BEGIN

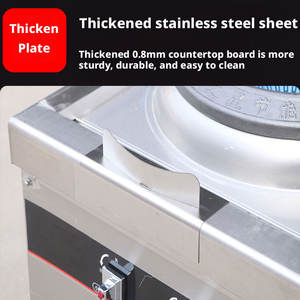 Cuisinière à gaz haute puissance HELAXEN - Spécifique aux restaurants - Certifiée 3C - <span class=keywords><strong>Plaque</strong></span> <span class=keywords><strong>de</strong></span> <span class=keywords><strong>cuisson</strong></span> réfractaire - Facile à nettoyer - Garantie <span class=keywords><strong>de</strong></span> 1 an - Product Image 2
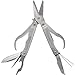 SOG Snippet Multi-Tool- Keychain Sized, Ultra-Compact Scissors with 9 Compact Specialty Tools/Components (23-32-01-41)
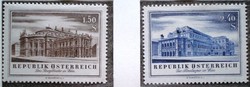 A1020-1 /  Ausztria 1955 A Burg Színház és az Állami Operaház bélyeg postatiszta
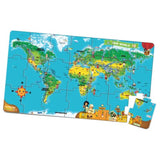 LeapFrog LeapReader Interactive World Map Puzzle (works with Tag)
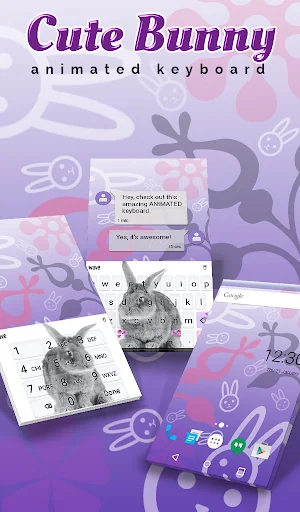 Cute Bunny Wallpaper Theme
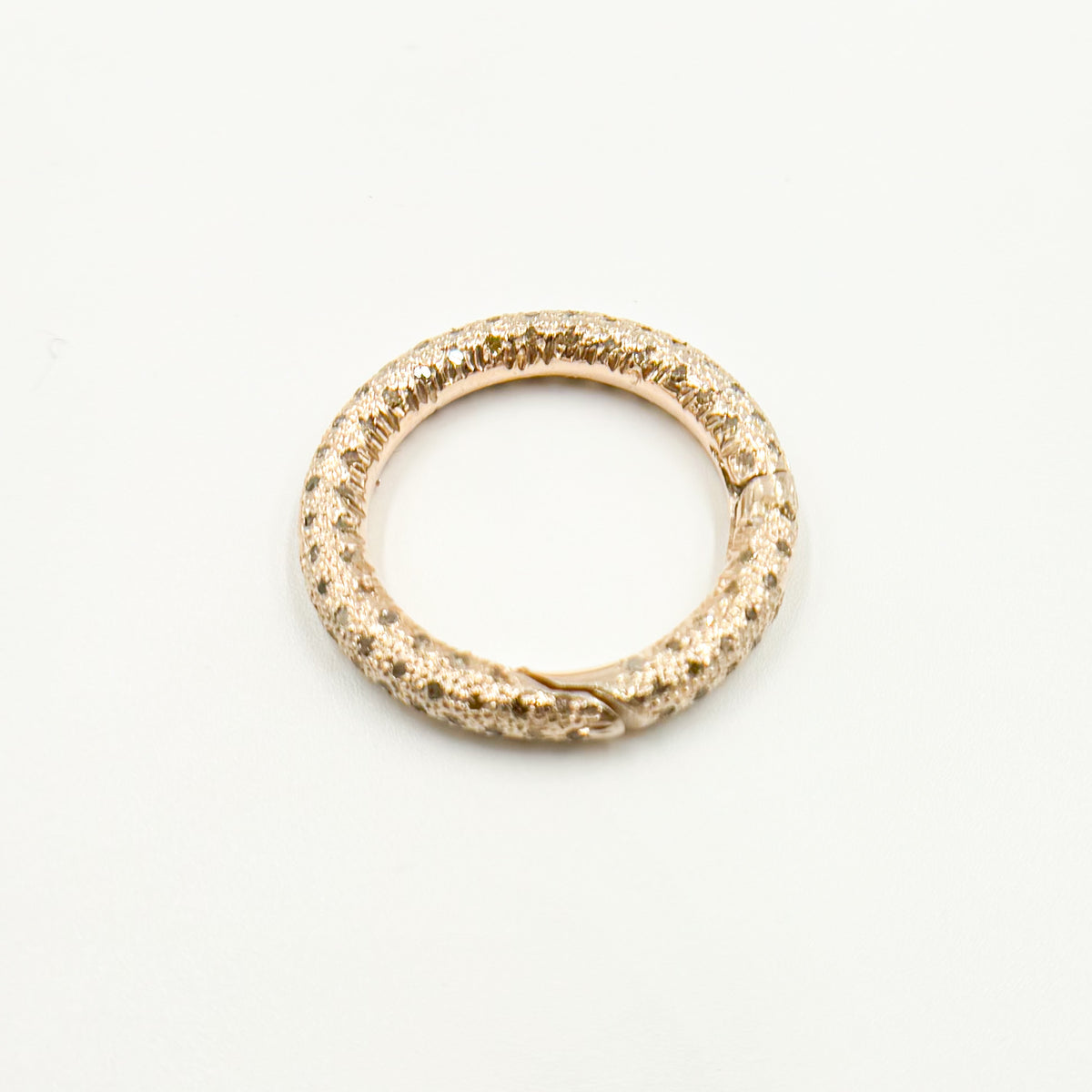 Diamond Sterling Silver Round Snap Clasp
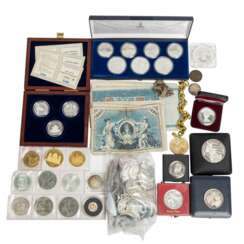 Lot mit etwas GOLD und einigem SILBER,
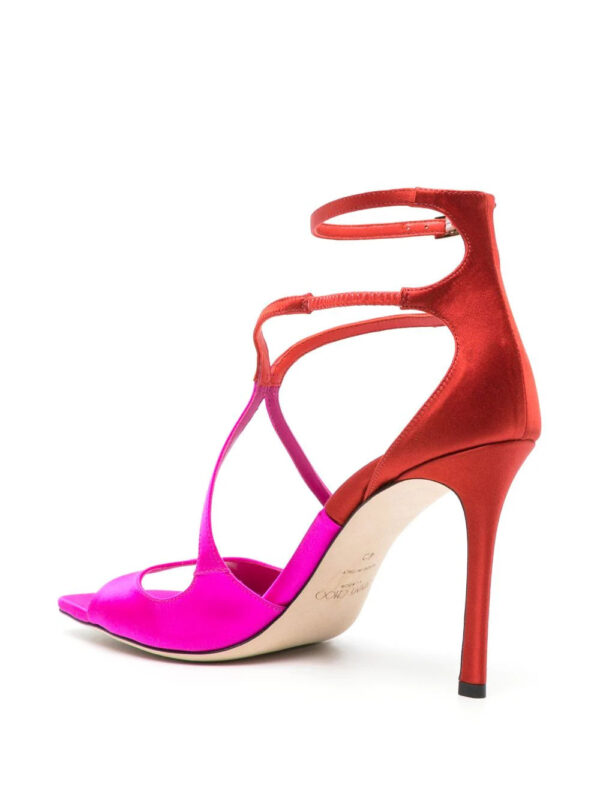 Jimmy Choo  Azia 95mm satin sandals - Image 3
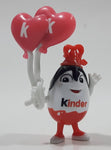 Ferrero Kinder Surprise MPG SE297 Egg Holding Pink Balloons 1 1/2" Tall Toy Figure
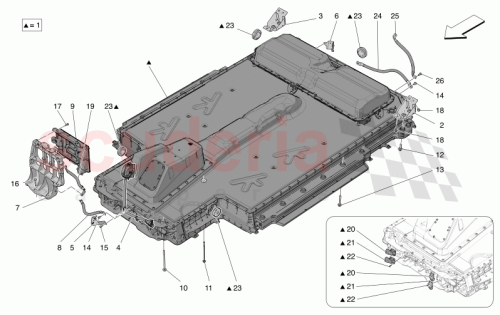 Part Diagram for Maserati 670178740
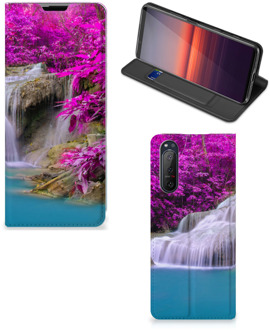 B2Ctelecom Telefoonhoesje Sony Xperia 5 II Wallet Bookcase Waterval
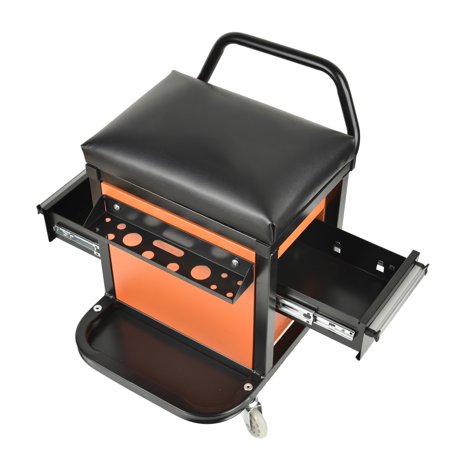 SEAT Creeper Seat Tool Box with Storage,Mechanics Roller Seat with drawers,Garage Rolling Toolbox Creeper with Wheels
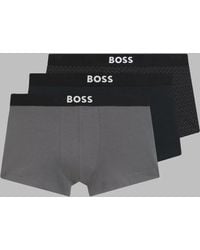 BOSS - 3-Pack Boxer Con Logo - Lyst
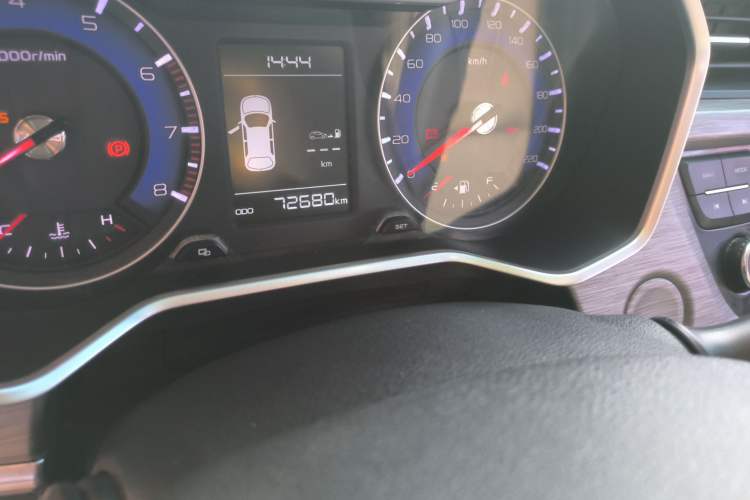 Used Geely Auto Vision X3 2017 1.5L Manual Luxury Model Odometer Close Up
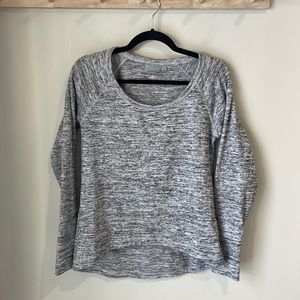 Athleta | Sharkbite Grey Heather Top | Sz S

END

Everything in the data above should be set down again exactly, except the pictures.

Problem solution:
 Cuisinière à gaz haute puissance HELAXEN - Spécifique aux restaurants - Certifiée 3C - <span class=keywords><strong>Plaque</strong></span> <span class=keywords><strong>de</strong></span> <span class=keywords><strong>cuisson</strong></span> réfractaire - Facile à nettoyer - Garantie <span class=keywords><strong>de</strong></span> 1 an - Product Image 2
 SOG Snippet Multi-Tool- Keychain Sized, Ultra-Compact Scissors with 9 Compact Specialty Tools/Components (23-32-01-41)
 A1020-1 /  Ausztria 1955 A Burg Színház és az Állami Operaház bélyeg postatiszta
 LeapFrog LeapReader Interactive World Map Puzzle (works with Tag)
 Cute Bunny Wallpaper Theme
 Diamond Sterling Silver Round Snap Clasp
 Lot mit etwas GOLD und einigem SILBER,
 Jimmy Choo  Azia 95mm satin sandals - Image 3
 Ferrero Kinder Surprise MPG SE297 Egg Holding Pink Balloons 1 1/2" Tall Toy Figure
 Part Diagram for Maserati 670178740
 B2Ctelecom Telefoonhoesje Sony Xperia 5 II Wallet Bookcase Waterval
 SEAT Creeper Seat Tool Box with Storage,Mechanics Roller Seat with drawers,Garage Rolling Toolbox Creeper with Wheels
 BOSS - 3-Pack Boxer Con Logo - Lyst
 Used Geely Auto Vision X3 2017 1.5L Manual Luxury Model Odometer Close Up
 Athleta | Sharkbite Grey Heather Top | Sz S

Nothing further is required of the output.